Although many of them were denied access to secondary schools, they were eager to choose between careers in engineering or medicine.
After returning to power after a 20-year war with Americans and NATO forces, the Taliban have promised to be more flexible, but they have largely returned to the ultra-strict interpretation of Islam that marked their first spell in power (1996). 2001).
Between the two Taliban regimes, girls were allowed to attend school, and although the country remained socially conservative, women were able to find work in all sectors.
But during the sixteen months, harsh measures increased, especially against women, who were gradually excluded from public life and expelled from colleges and high schools.
“We are condemned every day. When we hope for progress, we are ostracized,” lamented another student, Reha.
In an unexpected confrontation on March 23, the Taliban closed secondary schools hours after their long-announced reopening. According to a high-ranking official of the Taliban, the supreme leader of the Taliban, Haibatullah Akhundzada, intervened in this decision.
Various members of the government have said that there are not enough teachers or money, but that the schools will reopen after an Islamic curriculum is developed.
Despite being expelled from colleges and high schools, many young women in Kabul traveled in early December to take the final high school exam needed to enter university, AFP journalists said.
Access to public works, parks, gyms is prohibited…
In addition to being deprived of education, women are barred from working in most government jobs or are paid a meager salary to stay at home.
They are also prohibited from traveling unaccompanied by a male relative and must wear a burqa or hijab when leaving home.
In November, the Taliban also banned them from entering parks, gardens, gyms and baths.
Women’s demonstrations against these events, which rarely gather more than forty people, have become a risk.

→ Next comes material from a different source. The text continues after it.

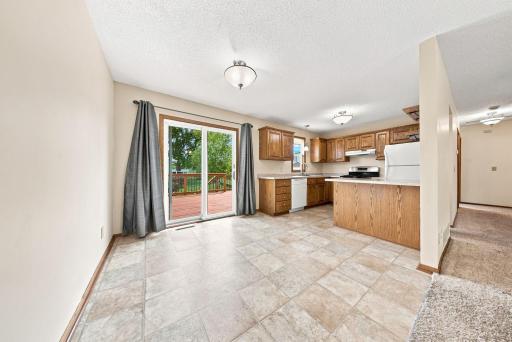 Dining area with sliding glass door leading to the backyard deck.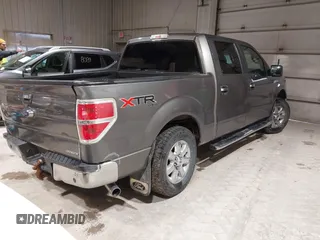 2014 Ford F-150 XL with VIN 1FTFW1EF5EFB71651, listed as a IAAI auction lot 42051456 with 143,945 mi miles and . Bid and sale history available at DreamBid. Image 4.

Many protesters have been arrested and journalists are increasingly prevented from covering these rallies.
“The new restrictions imposed on women’s education in Afghanistan are tragic,” condemned Omar Zakhilwali, the former finance minister of the former government.
“This ban has no religious, cultural or logistical basis. This is not only a serious violation of women’s right to education, but also a deep anomaly for our country!”, he added in his tweet.
The international community has linked recognition of the Taliban regime and much-needed humanitarian and financial aid to Afghanistan with the Taliban’s respect for human rights, particularly women’s rights to education and work.
UN Secretary General’s Deputy Special Representative for Afghanistan Ramiz Alakbarov said on Tuesday that the UN is “deeply concerned”.